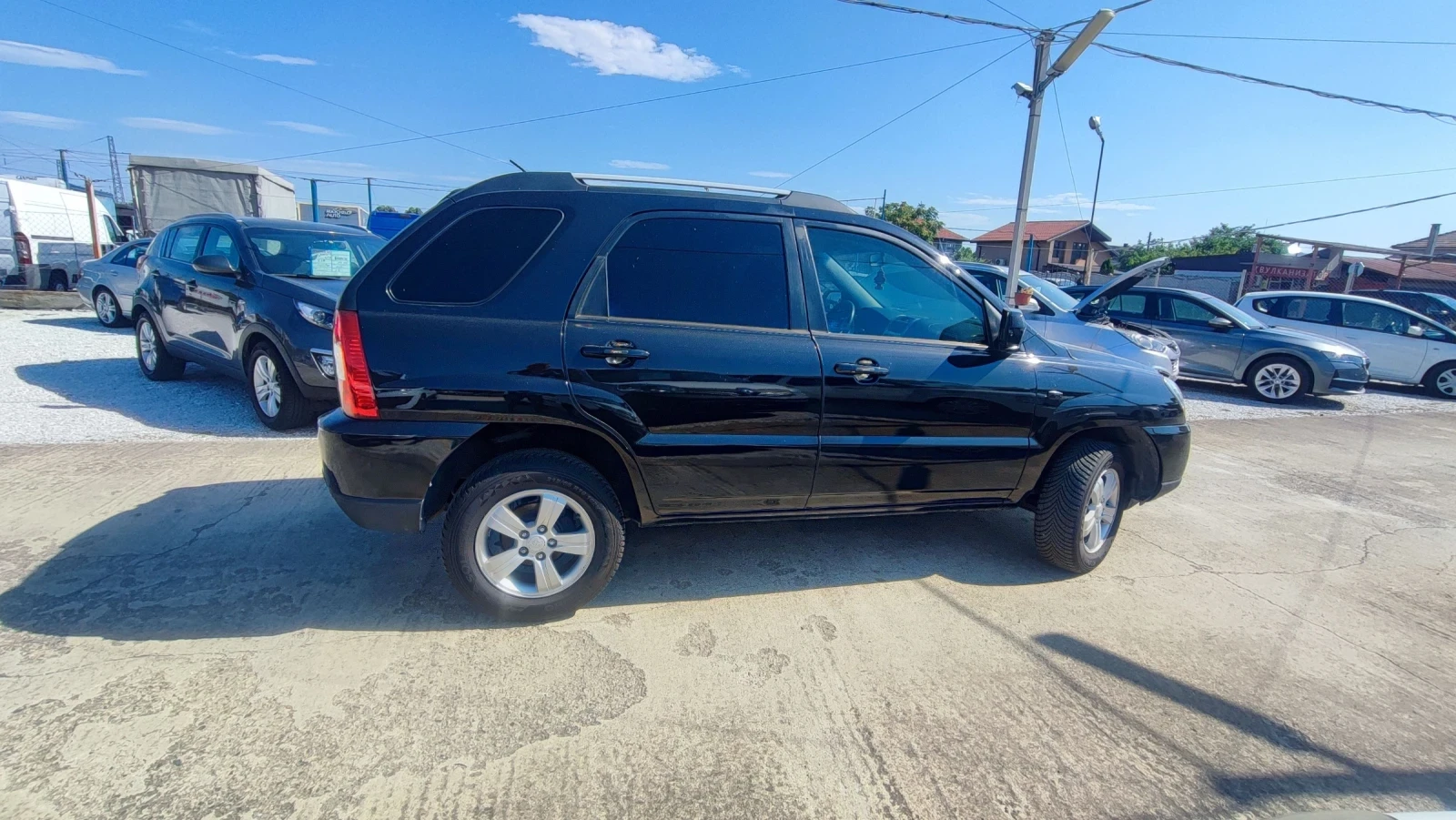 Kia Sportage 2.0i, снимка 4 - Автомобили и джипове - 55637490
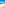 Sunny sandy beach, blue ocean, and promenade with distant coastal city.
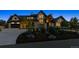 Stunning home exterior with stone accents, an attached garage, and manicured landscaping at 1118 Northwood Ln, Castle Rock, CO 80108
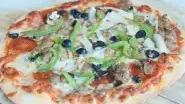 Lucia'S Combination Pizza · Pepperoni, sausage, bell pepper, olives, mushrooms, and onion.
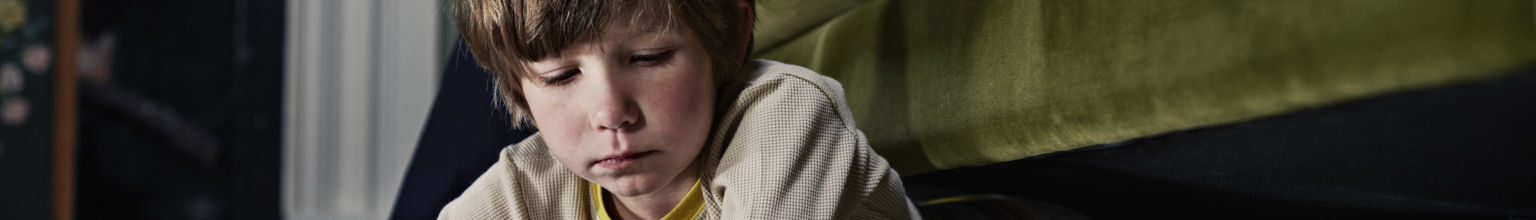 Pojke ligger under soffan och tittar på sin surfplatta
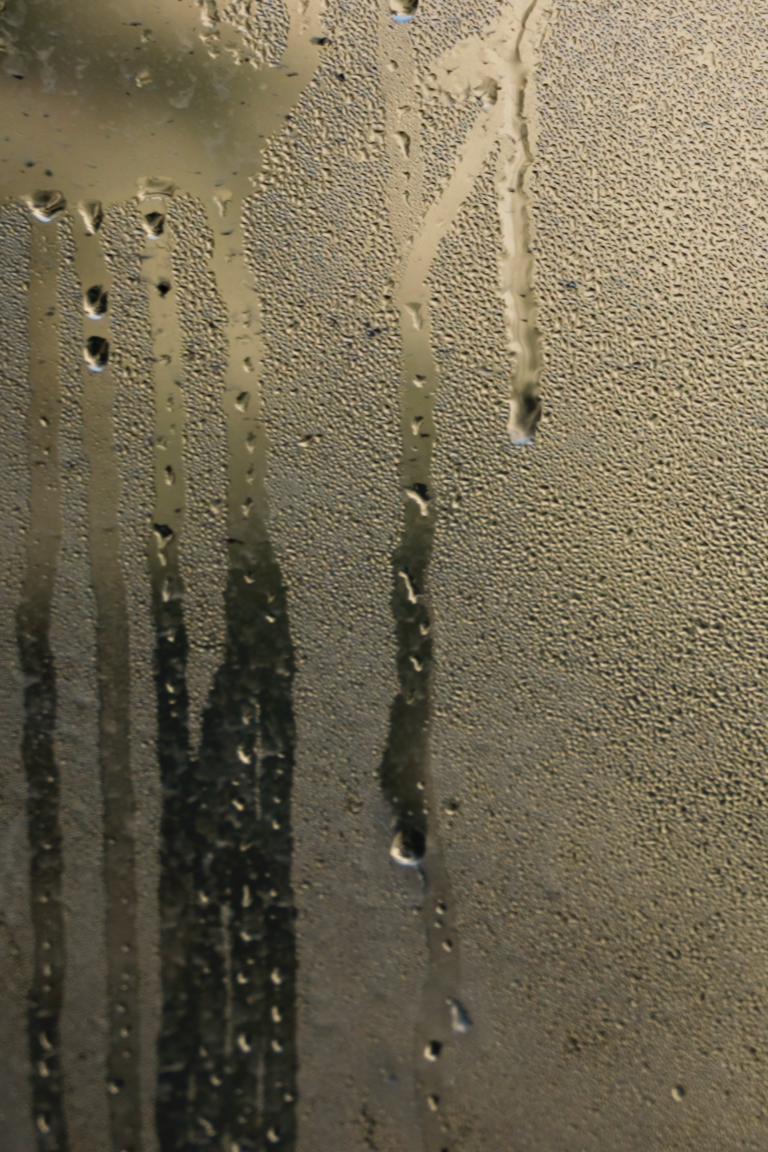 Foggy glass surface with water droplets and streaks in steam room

* * *

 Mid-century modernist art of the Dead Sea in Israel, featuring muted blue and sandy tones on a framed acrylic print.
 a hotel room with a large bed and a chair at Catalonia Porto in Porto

EXERCISE DESCRIPTION →
From the entries above, copy exactly the lines starting at the one with "Pojke ligger under" and stopping at the one with "Foggy glass surface", keeping both ends. Drop the pictures.

TASK ANSWER →
 Pojke ligger under soffan och tittar på sin surfplatta
 Foggy glass surface with water droplets and streaks in steam room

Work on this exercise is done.